In U.S. Pat. No. 4,311,486--Yamada et al (Jan. 19, 1982), alumina hydrate is precipitated from Bayer process pregnant liquor by adding as seed finely divided alumina hydrate having an average particle size of less than 10 microns. This fine alumina hydrate is recovered from precipitated alumina hydrate by classification or by addition of aluminum hydroxide gel to supersaturated sodium aluminate solution. This process is limited in its application since it can only employ alumina hydrate for the seeding operation and not the partially calcined dust, which hydrate must be obtained prior to calcination by classification. Also, since the average particle size recommended for seeding is about 10 microns or less, this requires an extensive separation process and no provision is made for the alumina hydrate falling within the 10-44 micron range. Consequently, this prior art process cannot be applied to the elimination of the alumina dust problem.

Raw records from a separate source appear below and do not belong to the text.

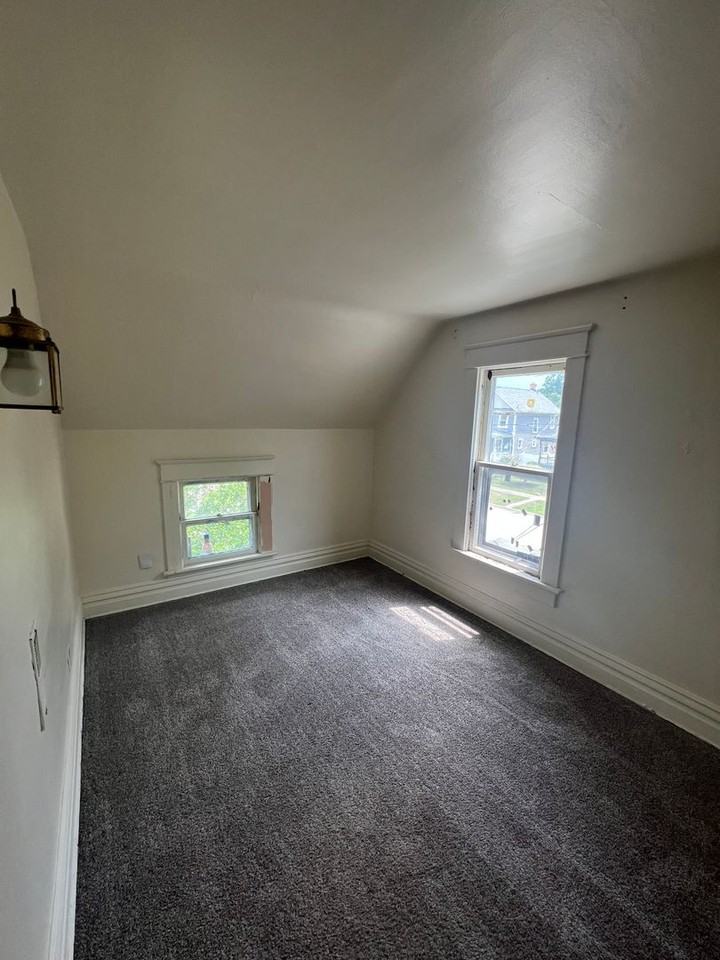 712 Scott St - Photo 3 of 4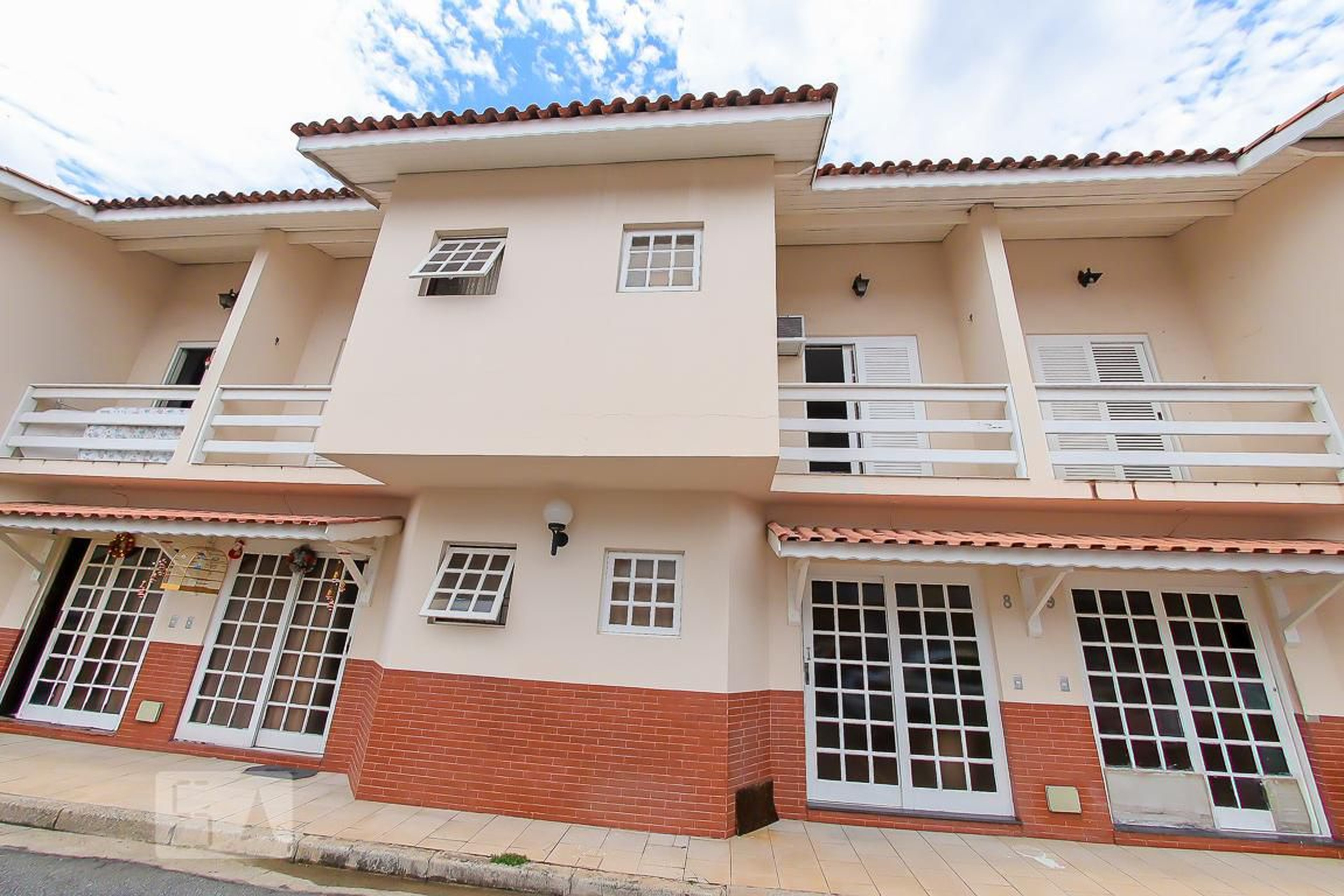 Fachada Condomínio em Rua Madame Curie, 511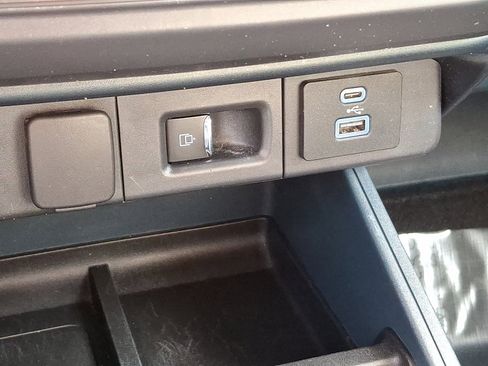 Used 2024 Ford Maverick Lariat w/ Black Appearance Package image 27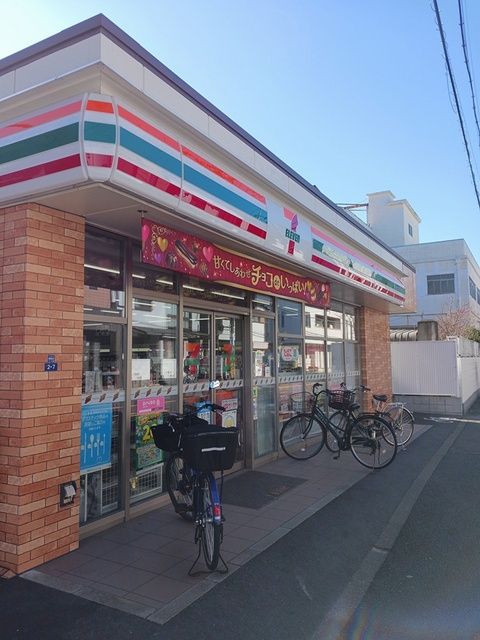 コンビニ　セブンイレブン（コンビニ）まで218m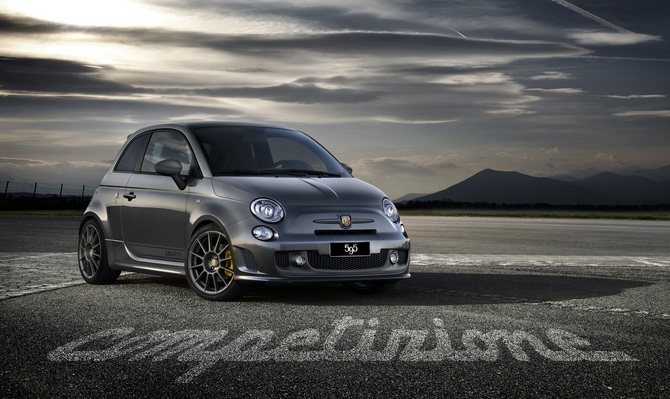 Fiat Details Abarth, Lancia and Its Own 2012 Lineup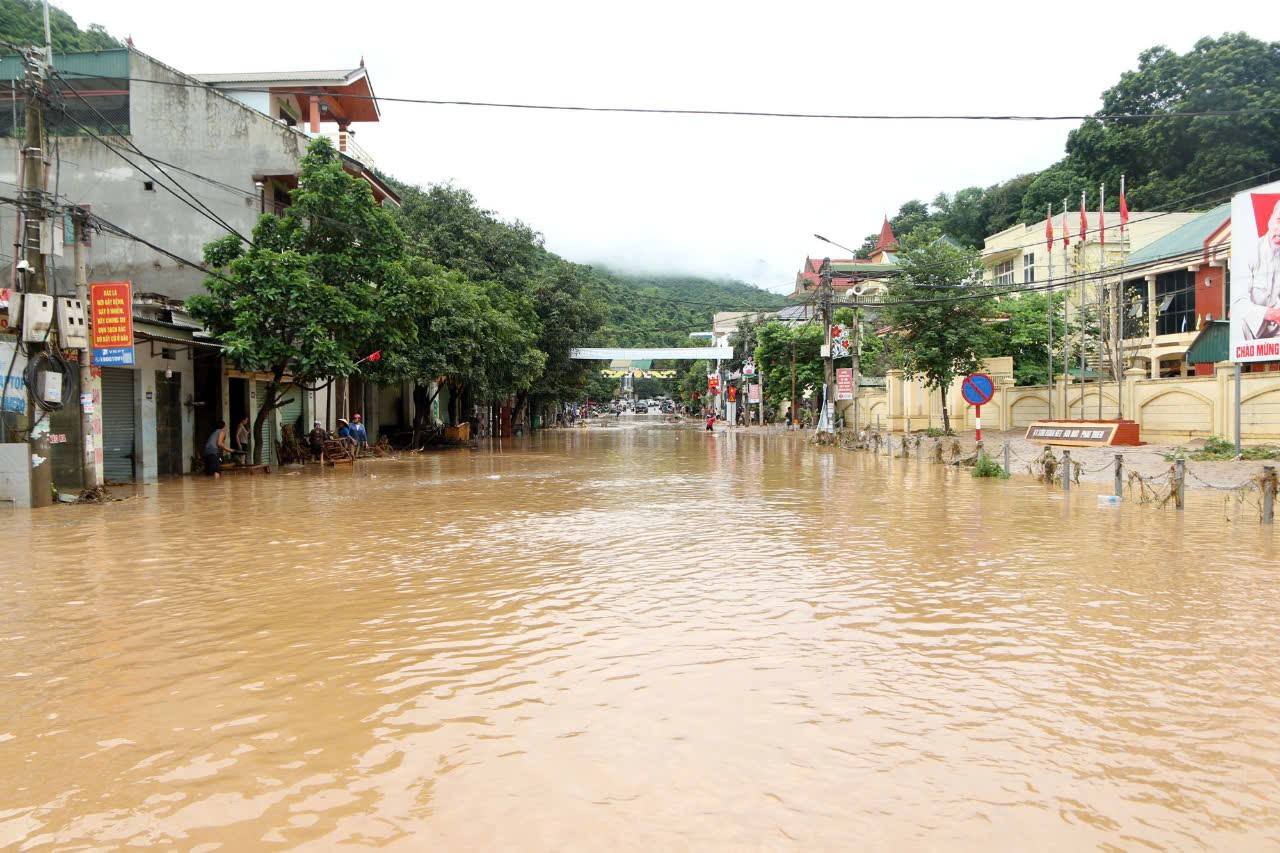 Mưa lũ lịch sử ở Nghệ An khiến 3 người chết, hơn 3.200 nhà bị ngập- Ảnh 2. Mưa lũ lịch sử ở Nghệ An khiến 3 người chết, hơn 3.200 nhà bị ngập- Ảnh 2.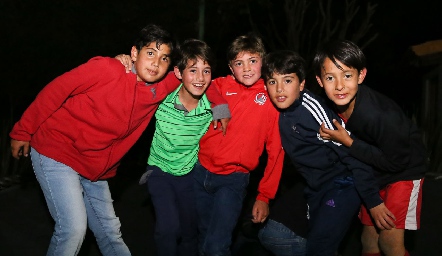  Paulo con sus amigos.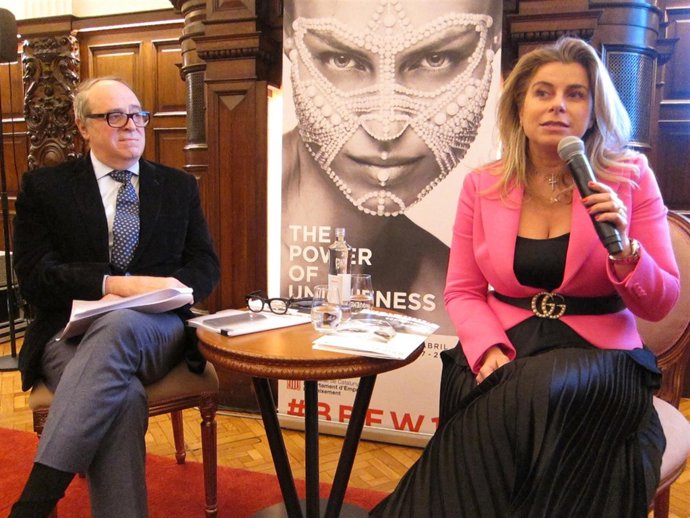 El profesor del Iese José Luis Nueno y Estermaria Laruc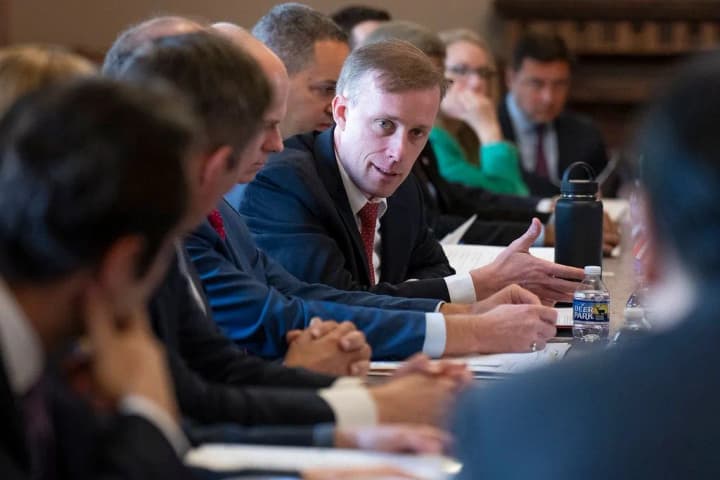 США могут объявить о новой помощи Украине в ближайшие недели - Салливан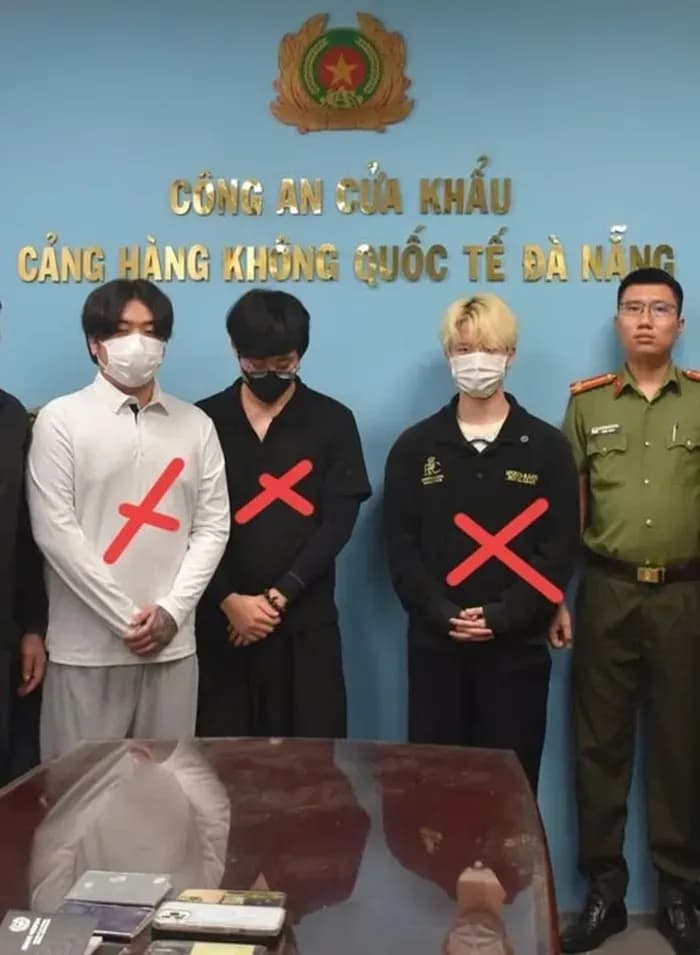 Việt Nam bắt ba nghi phạm Hàn Quốc bị Interpol truy nã đỏ
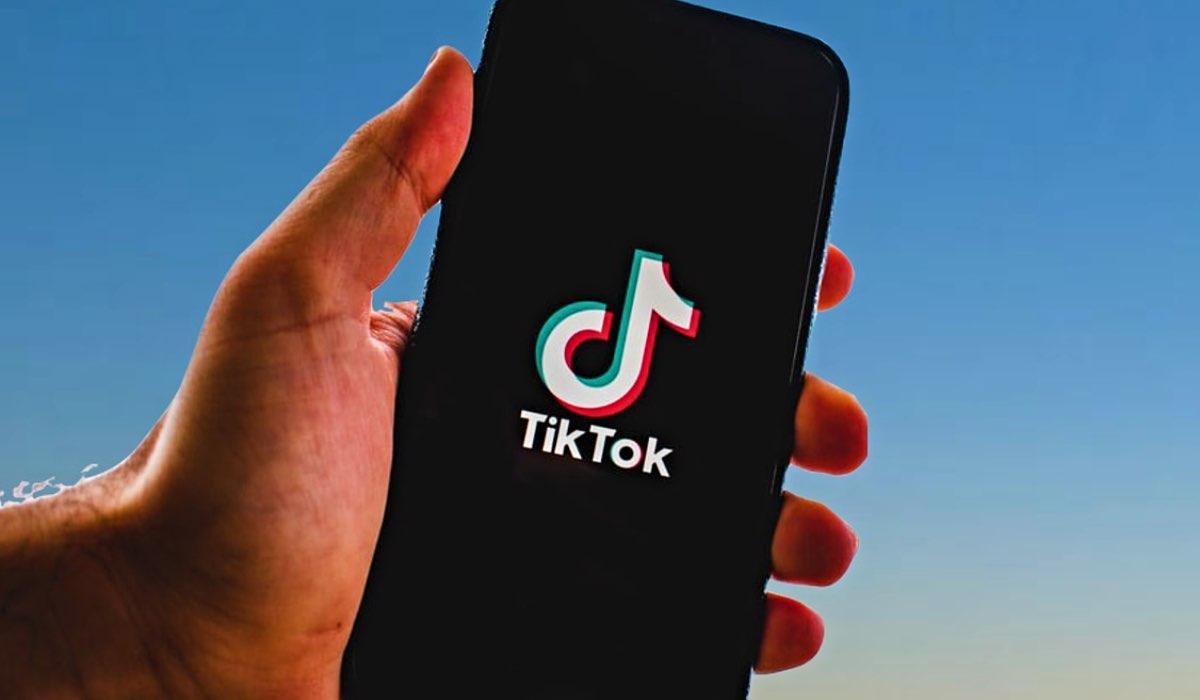 Tik Tok, effetti sugli adolescenti? Di che si tratta, pareri a confronto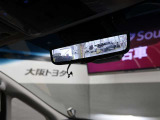 デジタルインナーミラー付き。後方視野角が広く、後席に同乗者がいても後方を確認しやすく安心です。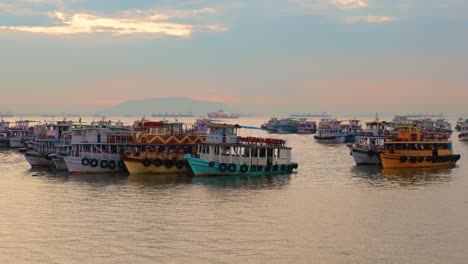 Barcos-En-El-Agua-De-Mumbai-Al-Amanecer.-Región-De-Colaba-De-Mumbai,-Maharashtra,-India.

It has now been found that the quantity of partially calcined alumina dust which is generated in alumina hydrate calcination facilities can be significantly reduced. This is accomplished by using the partially calcined alumina for precipitating alumina hydrate from supersaturated Bayer process pregnant liquors. Precipitation is accomplished by using either the partially calcined alumina as seed under predetermined conditions or by admixing the partially calcined alumina with conventionally utilized alumina hydrate seed material in a predetermined ratio. The alumina hydrate which precipitates from the liquor seeded with the partially calcined alumina exhibits coarseness and strength and can be subjected to calcination without undue formation of unacceptable fines.